Kabar lain menyebutkan kandidat pelatih Timnas berasal dari Belanda, yaitu Aad de Mos. Pelatih yang dekat dengan Direktur Teknik PSSI,  Pieter Huistra, itu menjadi nama yang paling sering terdengar untuk mengisi kursi pelatih. Pria yang lahir dua tahun setelah Indonesia merdeka itu diklaim memiliki segudang pengalaman melatih. Tetapi apakah kita harus berharap kepada opa-opa yang pada tanggal 27 Maret nanti akan berusia 68 tahun? Okelah Spanyol pernah juara Eropa bersama opa-opa bernama Luis Aragones di tahun 2008. Namun Pelatih Spanyol itu pasti sudah hatam betul cara bermain dan karakter pemain-pemain Spanyol. Apakah Aad de Mos sudah paham mengenai cara bermain maupun karakter pemain-pemain Indonesia? Jika PSSI mengatakan iya, maka publik tidak akan semudah itu percaya. Andai dilakukan survey dengan pertanyaan di atas, hasilnya mayoritas akan mengatakan tidak atau paling bagus menjawab "saya ragu". Atau apakah prestasi Meneer Aad masih mentereng? Aad de Mos mungkin pernah memiliki masa kejayaan, tetapi itu dahulu tepatnya di era 80-an. Banyak yang mengapresiasi kemampuan dan analisa sepak bolanya, tetapi bukan untuk sebagai pelatih. Lebih tepat jika ia menjabat sebagai Direktur Teknik. Apakah kemampuannya berjaya di dekade 80-an bisa diaplikasikan di era sepak bola modern saat ini? Andai saya ada di depan anda dan melontarkan pertanyaan tersebut, apa jawaban anda? jika anda yakin silahkan jawab ya dengan lantang, dan jika anda ga enak bilang tidak, anda bisa jawab "saya ragu".

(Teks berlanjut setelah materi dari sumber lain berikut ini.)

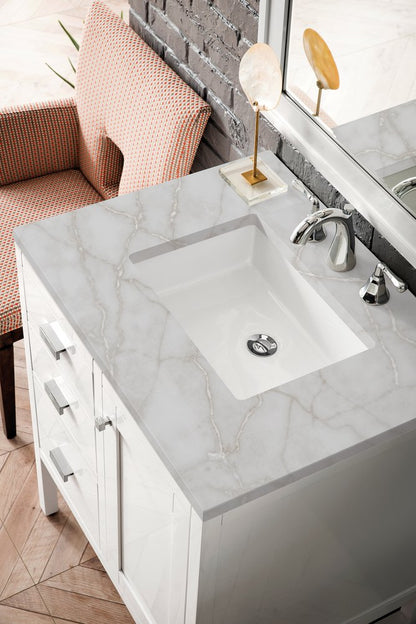 James Martin - Addison 30" Single Vanity, Glossy White w/ 3 CM Victorian Silver Silestone Top - E444-V30-GW-3VSL view 5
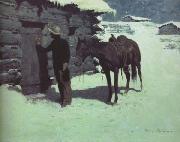 Frederic Remington The Belated Traveler (mk43) oil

Lantas pelatih seperti apayang dibutuhkan Timnas? Untuk menjawab itu mari kita melihat sosok-sosok pelatih yang pernah membawa Timnas Berprestasi. Kenapa? karena mereka telah terbukti memberikan sebuah prestasi kepada Timnas. Ada nama Matulapelwa dan Indra Sjafri di pelatih lokal serta Toni Pogacnik dan Anatoli Fyodorovich Polosin untuk pelatih asing. Matulapelwa membawa skuad Garuda hingga babak semifinal Asian Games 1986 dan Juara Sea Games 1987. Indra Sjafri berhasil mempersembahkan gelar Piala AFF 2013 dan membawa Garuda Jaya lolos Piala Asia U-19 2014 sebagai juara grup. Jauh sebelum itu, Toni Pogacnik mampu menyabet medali perunggu Asian Games 1958. Sementara Polosin sanggup menyamai pencapaian Matulapelwa saat memimpin Garuda bertarung di ajang Sea Games 1991.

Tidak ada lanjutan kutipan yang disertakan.